Dr. Pavlick had helped run some groundbreaking clinical trials on advanced melanoma patients. They sued a combination of two breakthrough drugs that unleash the body's own immune system, turning it into a cancer killer.

"They get the body to recognize the cancer as being something they need to attack and so it takes the, the brakes off the immune system and then the immune system will go after it," Dr. Pavlick explained.

Grisha ryder's melanoma started as a bleeding mole 8 years ago has since spread to his lung and thigh.

"I was begging for one month, two months, three months at least. I have to see my kids, I have something you know," he said.

Grisha is getting the now FDA approved combination of Yervoyand Opdivo while he still has a couple of treatments to go, things appear to be getting better.

"All the spreads are gone, and I had another tumor in my left thigh. It's gone after, after the first treatment," he said.

As for Van Lunun, she's finished with her treatments and recently got some good news.

"They told me I'm cancer free.
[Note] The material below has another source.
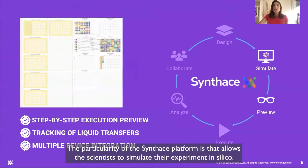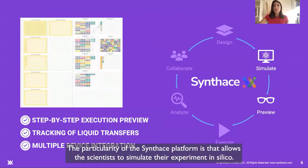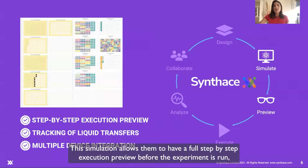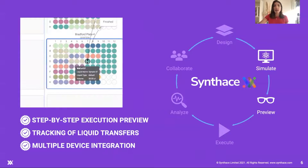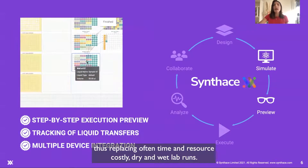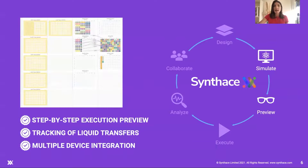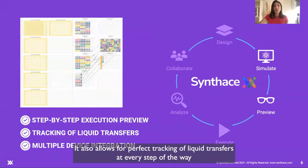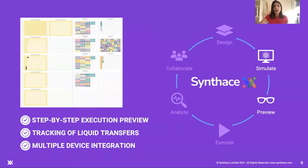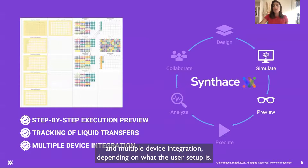The particularity of the Synthase platform is that it allows scientists to simulate their experiment in silico. This simulation allows them to have a full step-by-step execution preview before their experiment is run, thus replacing often time- and resource-costly dry and wet lab runs. It also allows for perfect tracking of liquid transfers at every step of the way, and multiple device integration depending on the user's setup.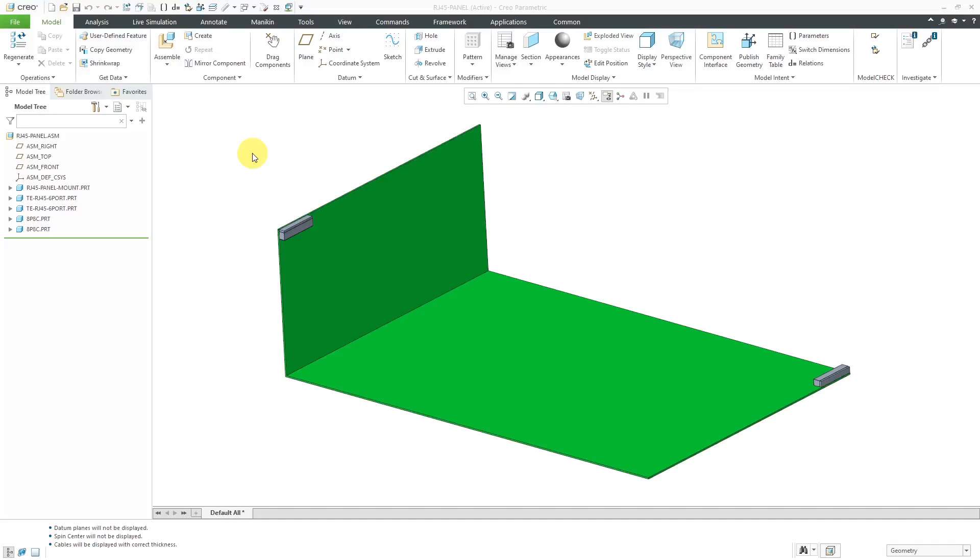Creo Parametric 5.0 added the capability to have cable stripes in cabling mode. Let's take a look at that. Here I have an assembly on the computer screen.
It's a miracle. It's really a miracle, and seeing my first grand-daughter, who I never thought I'd see," she said.

Yervoy and Opdivo were FDA approved for melanoma 5 years and 2 years ago respectively. The combination does much better than either alone and that led to approval of the combination earlier this year.

It doesn't help every melanoma, but more than half of them are responding, and some are cancer free for years.